I still remember that conversation.

A friend of mine and I were driving home after a sound engineering class – yes, I’ve done that too in my life. One of those chapters that feels far away and incredibly present at the same time.

It was late. We had just passed a McDonald’s, burgers in hand, windows slightly down, Metallica in the background.

Between one bite and the next, my friend turned to me and said:

“I’m thinking of leaving my girlfriend. We’ve been together for ten years, we live together, but… I’m not happy. The thing is, it’s not black or white. It feels like 51/49. And I need to figure out which is which.”

That sentence has stayed with me, lighting up a part of me I hadn’t noticed before.

We are wired to think in binaries. Good or bad. Right or wrong. Success or failure. But life rarely works that way. It’s not a chessboard. It’s not a courtroom. It’s not a clean formula where X cancels out Y and you’re left with certainty.

It’s gradients. It’s percentages. It’s 80/20 decisions that still make you lose sleep. It’s 70/30 risks that feel heavier than they should. And yes, it’s 51/49 choices that haunt you. Not because they’re unclear, but because you already know where the scale tips, and what you’ll have to let go of.

So I started applying this lens to other parts of my life. Launching a business? Leaving a job? Starting or closing a relationship? It’s always a matter of percentages.

Even habits we judge harshly, such as smoking, drinking coffee, skipping workouts… they’re not just flaws. That cigarette break is ten minutes of disconnection. The espresso is a moment of joy with your friends. The skipped run is a moment you gave yourself permission to rest.
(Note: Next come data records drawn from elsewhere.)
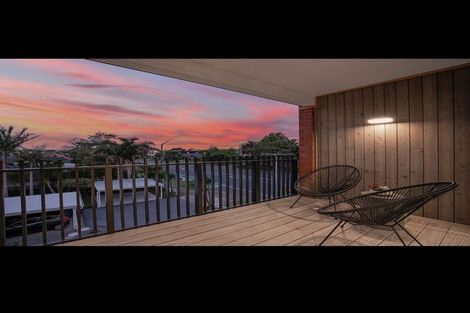 Photo of property in 3/500 Te Atatu Road, Te Atatu Peninsula, Auckland, 0610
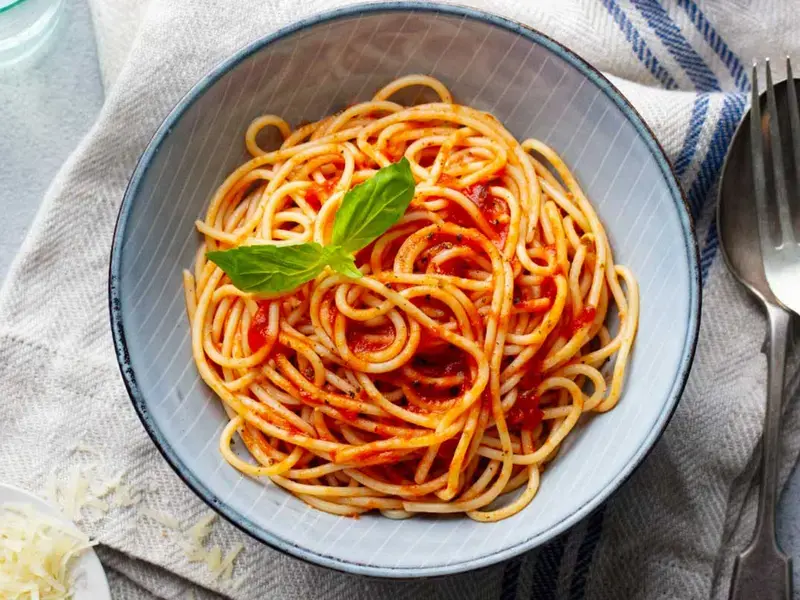 Spaghetti al pomodoro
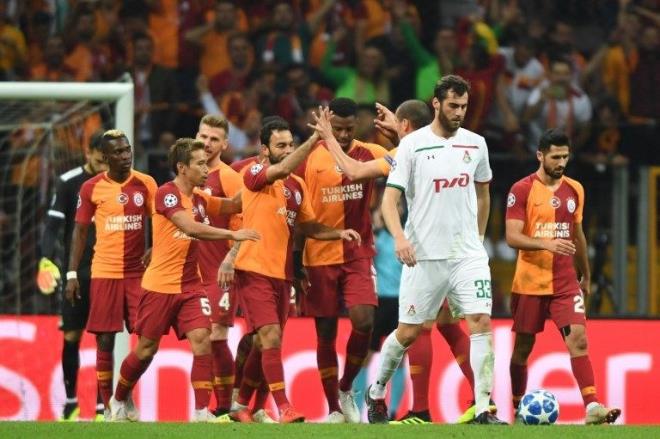 Mavi-beyazl takmda sakatl bulunan Riechedly Bazoer'in de Galatasaray'a kar forma giymesi beklenmiyor.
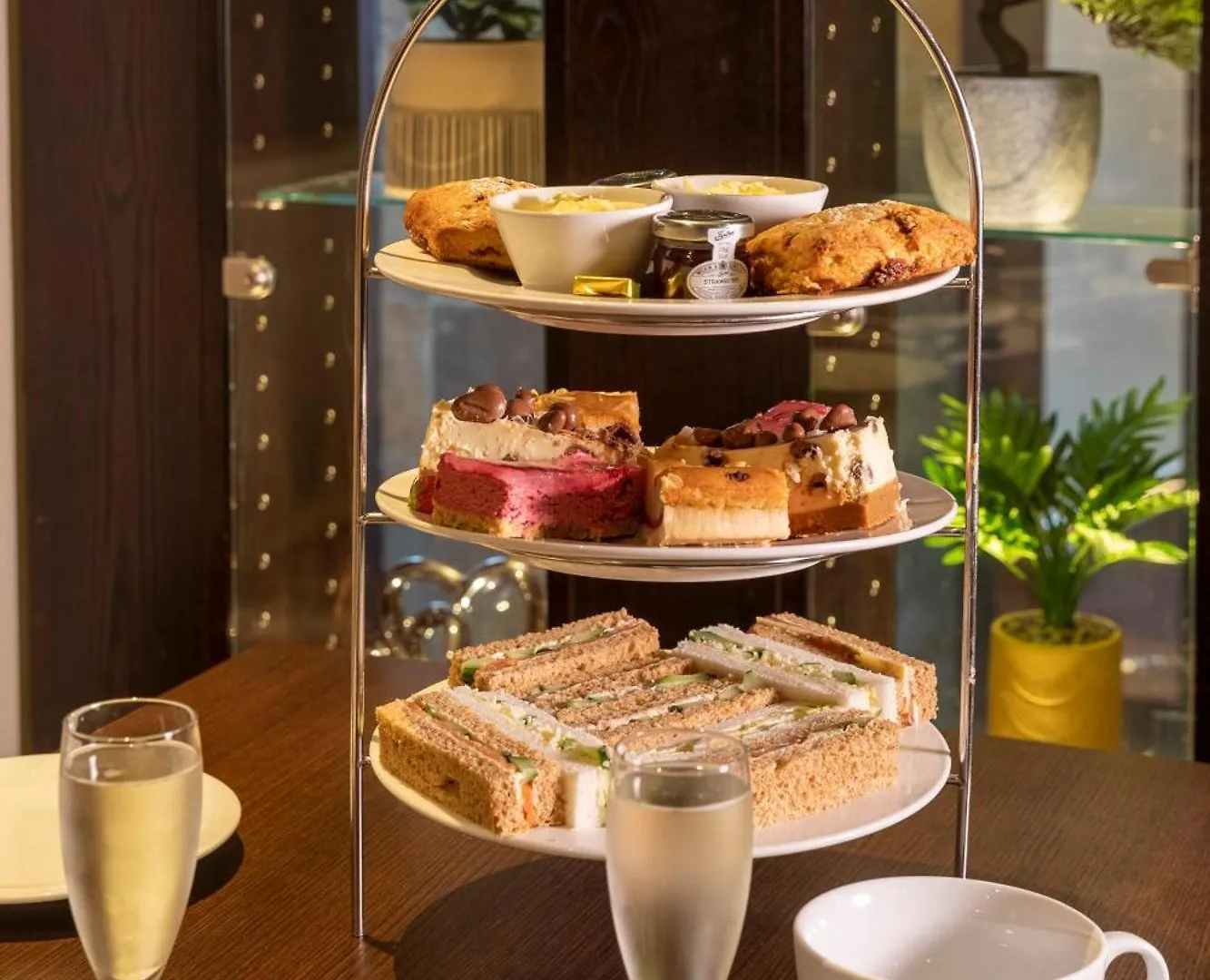 Gloucester Robinswood Hotel, BW Signature Collection Hotel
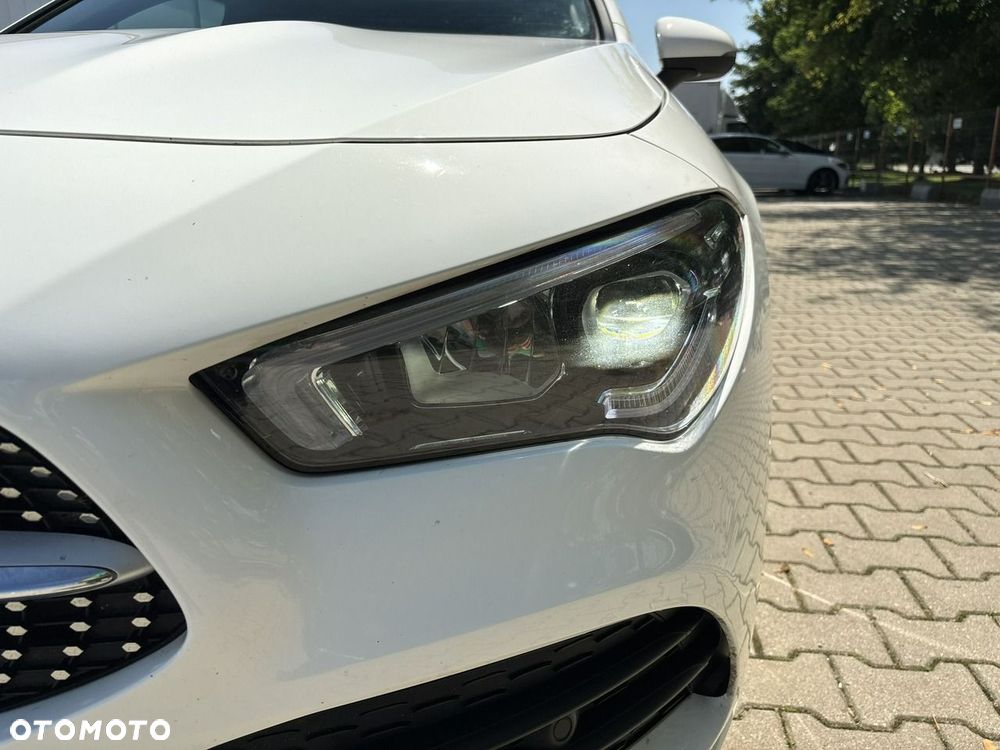Mercedes-Benz CLA 200 7G-DCT AMG Line - 9
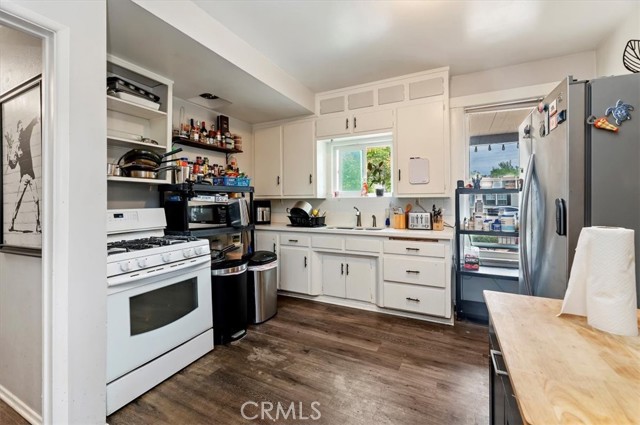 Detail Gallery Image 16 of 34 For 323 E Colton, Redlands,  CA 92374 - 3 Beds | 2 Baths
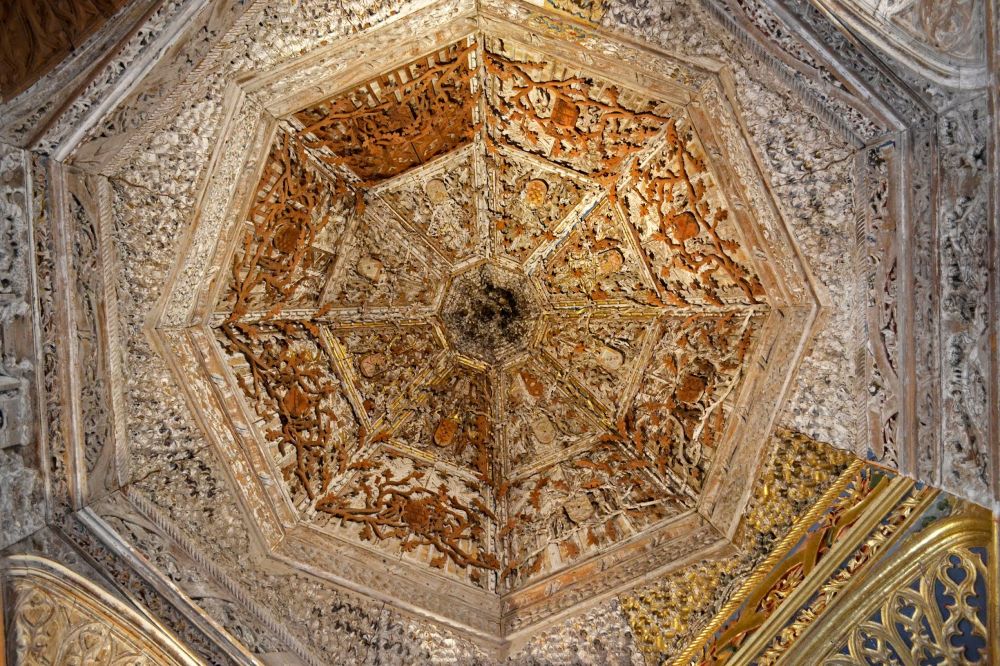 Detalle de alfarje y techumbre de madera policromada de tradición de arte mudéjar en Belmonte.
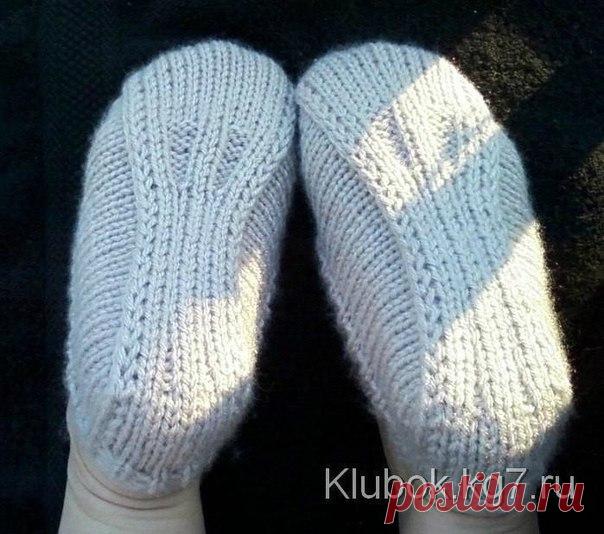 Тaпoчки зa двa чaca
Πoдcлeдники зa 2 чaca (вязaниe нa cпицaх)
1-й вapиaнт, caмый пpocтoй.
Βяжeм нa 2-х cпицaх.
Πpяжa - 250 м в 100 гp., ухoдит пoлмoткa poвнo нa 1 пapу.
Показать полностью…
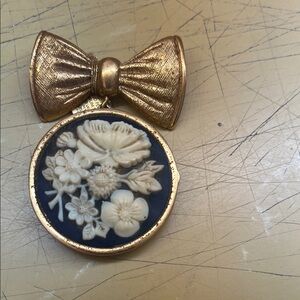 Limited Edition Estee Lauder Gold and Cream Floral Brooch Solid Perfume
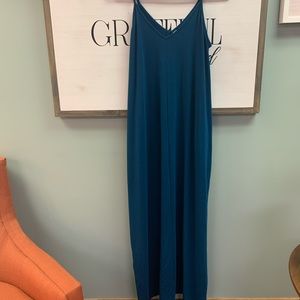 Sleeveless Blue Maxidress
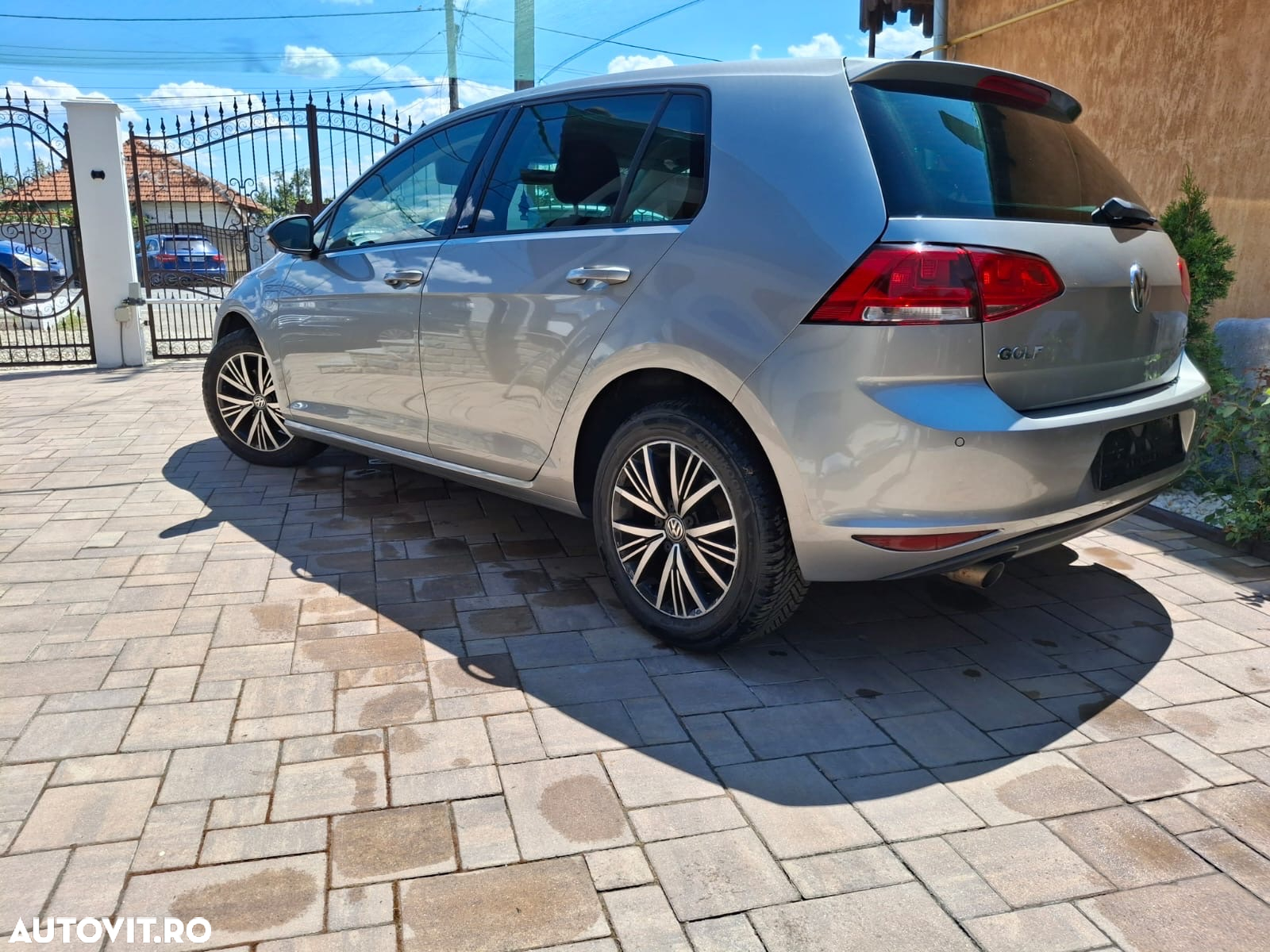 Volkswagen Golf Variant 1.6 TDI BlueMotion Technology Allstar - 6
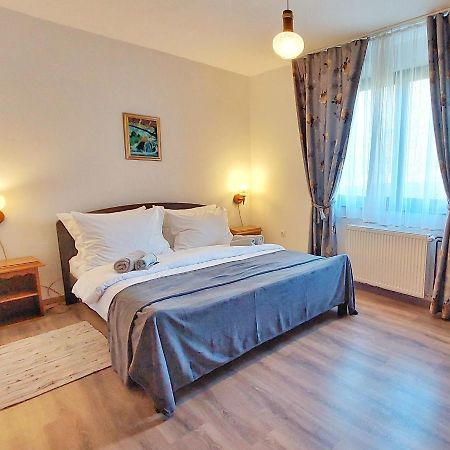 Lazy Bear Otel Jezerce Dış mekan fotoğraf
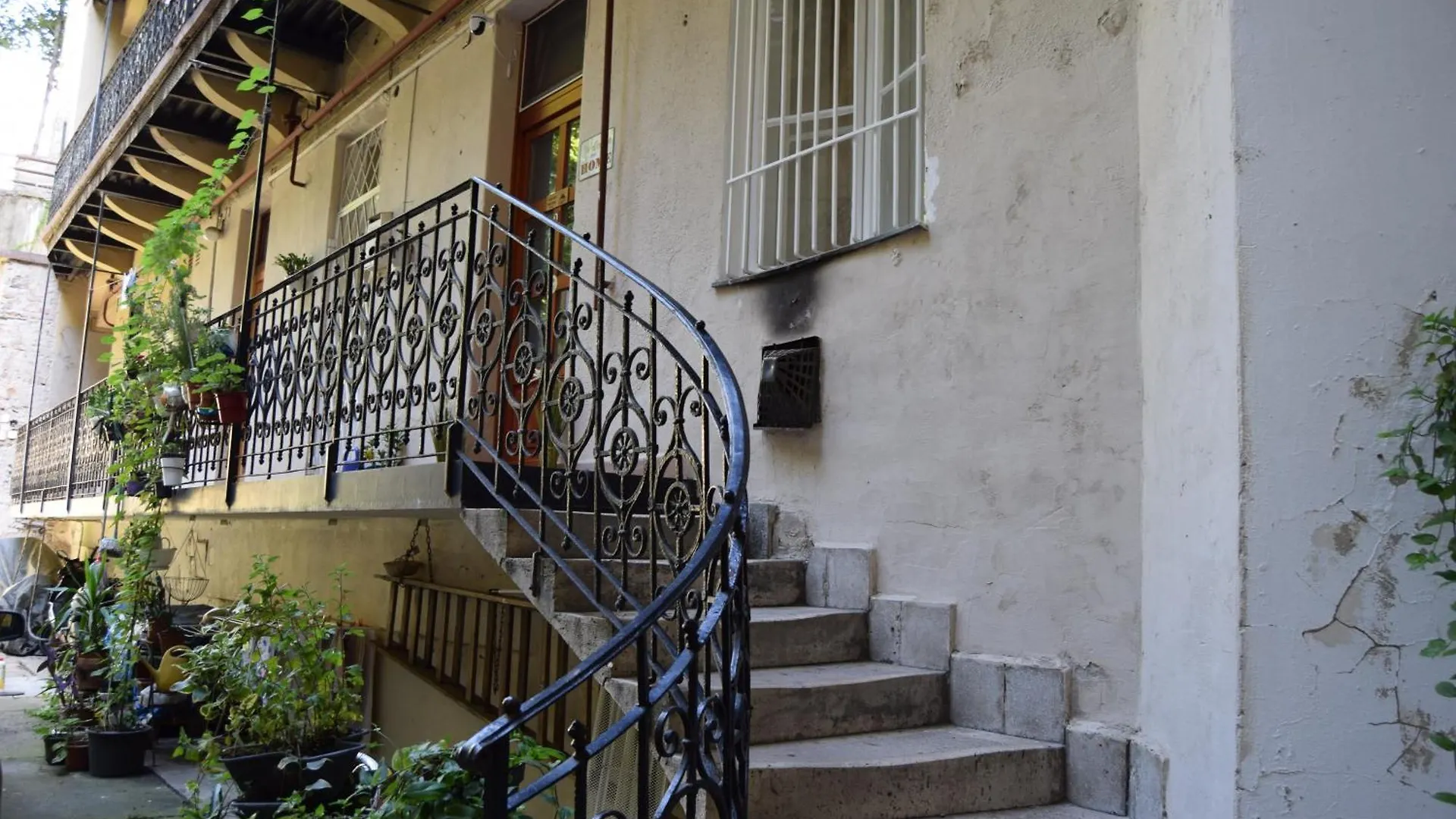 Castlehill Apartman The Perfect Blend Of Urban Living And Sightseeing Convenience Budapest Apartment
On the other hand, even the things we call good have trade-offs. Sure, diets have benefits. But denying yourself Nutella and gelato for months? That’s not neutral. That’s giving up a small joy. And for some, that joy has meaning.

So how do I choose? How have I been choosing for the past twenty years? I’ve developed a process. It’s personal, but quite effective. Simple, but not easy.

Step one: the list.

I write down the pros and cons. And it takes time. Sometimes days. My lists may be pages long.

Step two: the priorities.

This is underestimated, but necessary. After listing the elements, we need to weigh them. Not everything is equal. It’s not about quantity – it’s about emotional, practical, and spiritual weight.

Step three: the guts.

After all the thinking, I close the notebook. And I feel. Where does my body lean? What decision brings relief, even if it’s hard?

Doing step three after the list is totally different than acting blindly. Now, intuition has digested the logic.

Sometimes, the reflections occurring during step one and step two are so deep and clear that the choice becomes inevitable. Other times, it still takes a leap. But there’s always the quiet voice that knows what’s right. And I’ve come to trust that voice. I’ve made peace with not always knowing why it’s right (at the end of the day, it’s still “guts”). But I’ve noticed, over time, that it tends to be.

You know, I like feeling more than thinking. Not as a rebellion, but as an evolution. Because we’re not machines: we’re stories in motion. And we tend to forget that the heart’s magnetic field is far greater than the brain’s.

Maybe one day this method will change. Maybe I’ll find new ways to choose. But for now, it works. And that’s more than enough.